## Work instructions
Skip the pictures. Transcribe exactly the lines from the line containing "용호동 타로상담전문가 자격증" to the end of the listing.

......

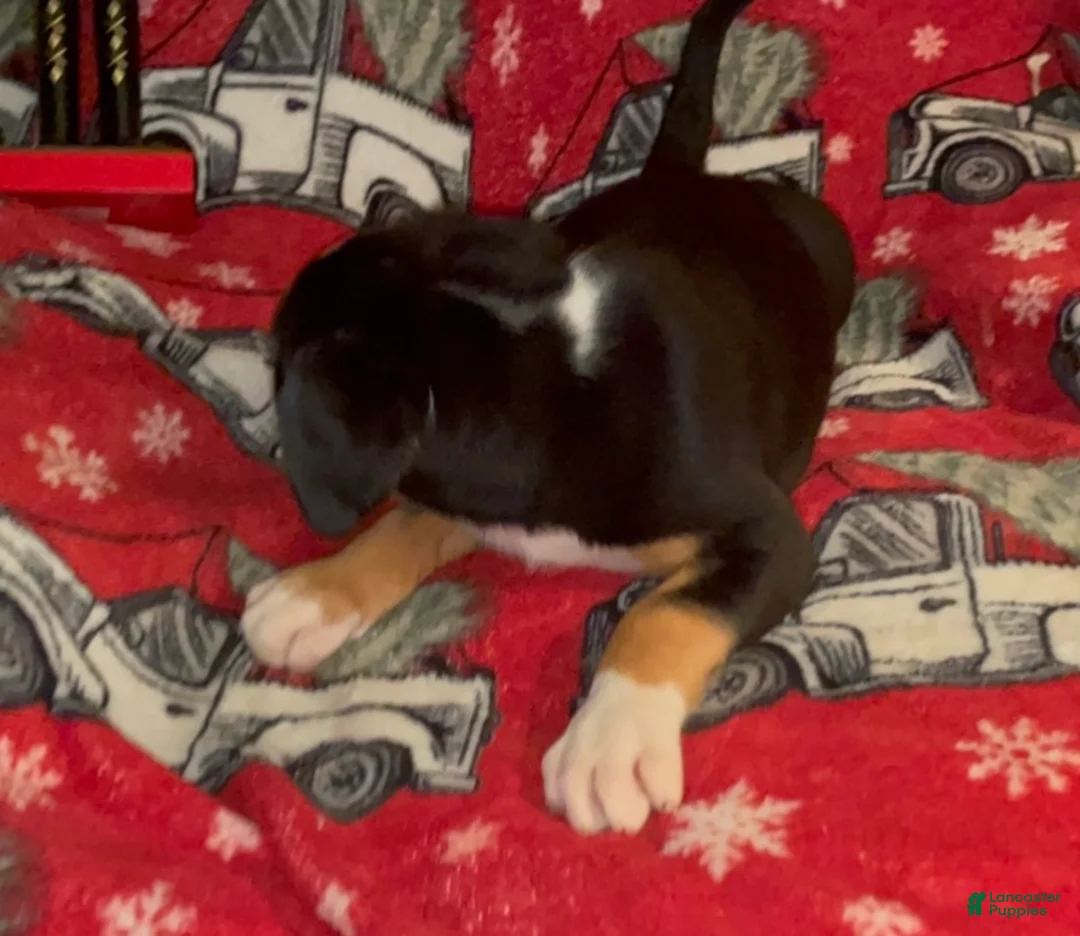 Greater Swiss Mountain Dog dogs for sale: Tess - Ad 10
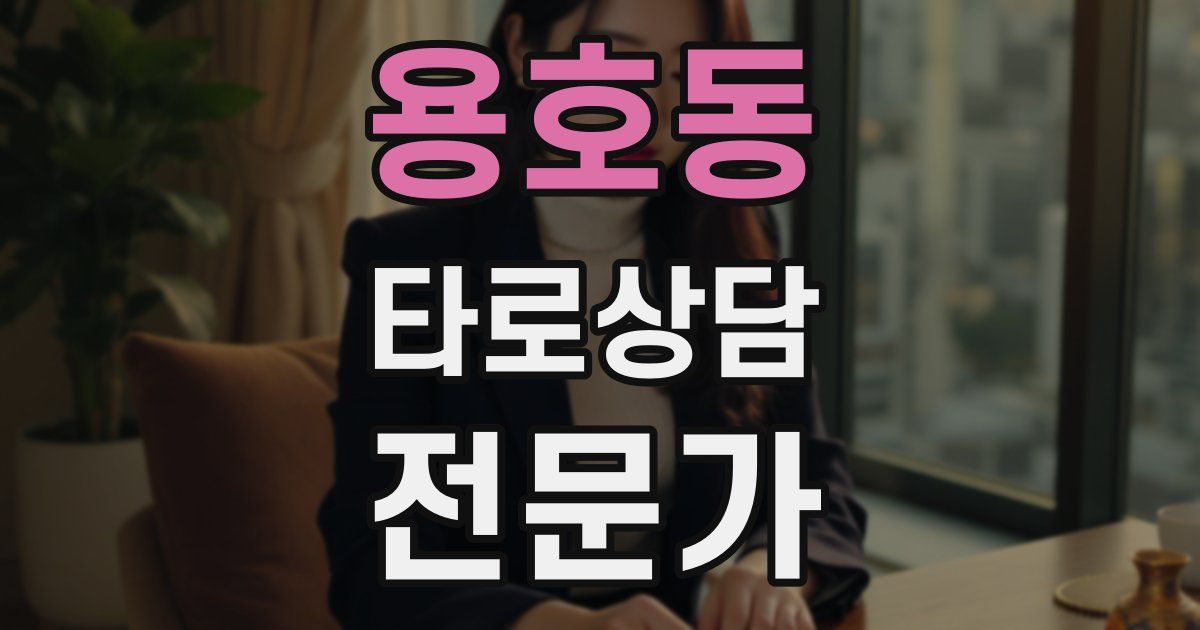 용호동 타로상담전문가 자격증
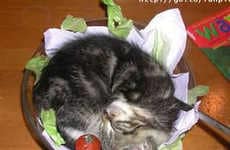 Sleeping Pets As Art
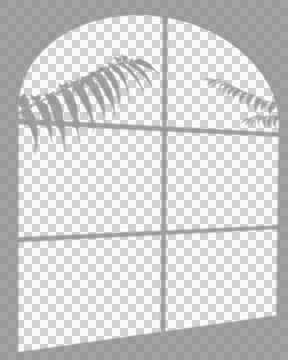 Arched window shadow overlay with fern leaf shadow, natural sunlight effect.. Illustrazione stock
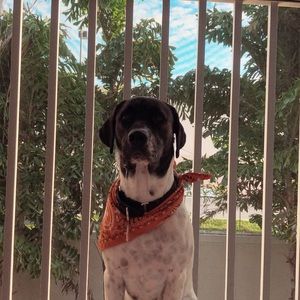 Meet your Posher, Becka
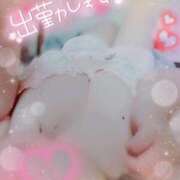 ヒメ日記 2025/02/15 14:40 投稿 はるか ポポロン☆広島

......

## Answer section
 용호동 타로상담전문가 자격증
 Sleeping Pets As Art
 Arched window shadow overlay with fern leaf shadow, natural sunlight effect.. Illustrazione stock
 Meet your Posher, Becka
 ヒメ日記 2025/02/15 14:40 投稿 はるか ポポロン☆広島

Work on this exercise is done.